Pavel Čmovš

Personal information
- Date of birth: 29 June 1990 (age 35)
- Place of birth: Plzeň, Czechoslovakia
- Position: Defender

Team information
- Current team: Benešov

Youth career
- Slavia Prague

Senior career*
- Years: Team / Apps / (Gls)
- 2010–2014: NEC / 51 / (1)
- 2010–2011: → Veendam (loan) / 33 / (2)
- 2014: Levski Sofia / 8 / (0)
- 2014: Mumbai City / 13 / (0)
- 2015: Rapid București / 17 / (0)
- 2015–2016: Mumbai City / 11 / (0)
- 2016–2018: Mladá Boleslav / 24 / (1)
- 2018–2020: Teplice / 47 / (0)
- 2020–2021: Nea Salamina / 16 / (0)
- 2021: Pohronie / 12 / (0)
- 2022: Academica Clinceni / 8 / (0)
- 2022: PAEEK / 12 / (1)
- 2023: Amaliendorf / 12 / (0)
- 2023–: Benešov / 15 / (0)

International career^{‡}
- 2006: Czech Republic U17 / 3 / (0)
- 2007–2008: Czech Republic U18 / 5 / (0)
- 2008–2009: Czech Republic U19 / 6 / (0)
- 2011: Czech Republic U20 / 1 / (0)
- 2011–2012: Czech Republic U21 / 10 / (0)

= Pavel Čmovš =

Czech footballer (born 1990)

Pavel Čmovš (born 29 June 1990) is a Czech professional footballer who plays as a defender for Benešov.

==Club career==
Born in Plzeň, Čmovš has played for Slavia Prague, NEC, Veendam and Levski Sofia.

In July 2015 he returned to Indian club Mumbai City.

In July 2021, Čmovš signed with Pohronie.
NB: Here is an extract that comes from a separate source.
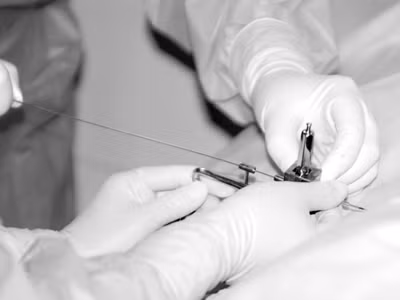 không cần phẫu thuật cắt bỏ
He made his Fortuna Liga debut on 25 July 2021 at Štadión Antona Malatinského against Spartak Trnava, in an opening game of the 2021–22 season. Pohronie lost 0–2 following a first-half goal from Roman Procházka and a second-half goal from Dejan Trajkovski. He was released during the 2021 winter break. He then signed for Academica Clinceni in January 2022, and PAEEK in August 2022.

==International career==
He has played youth international football for the Czech Republic.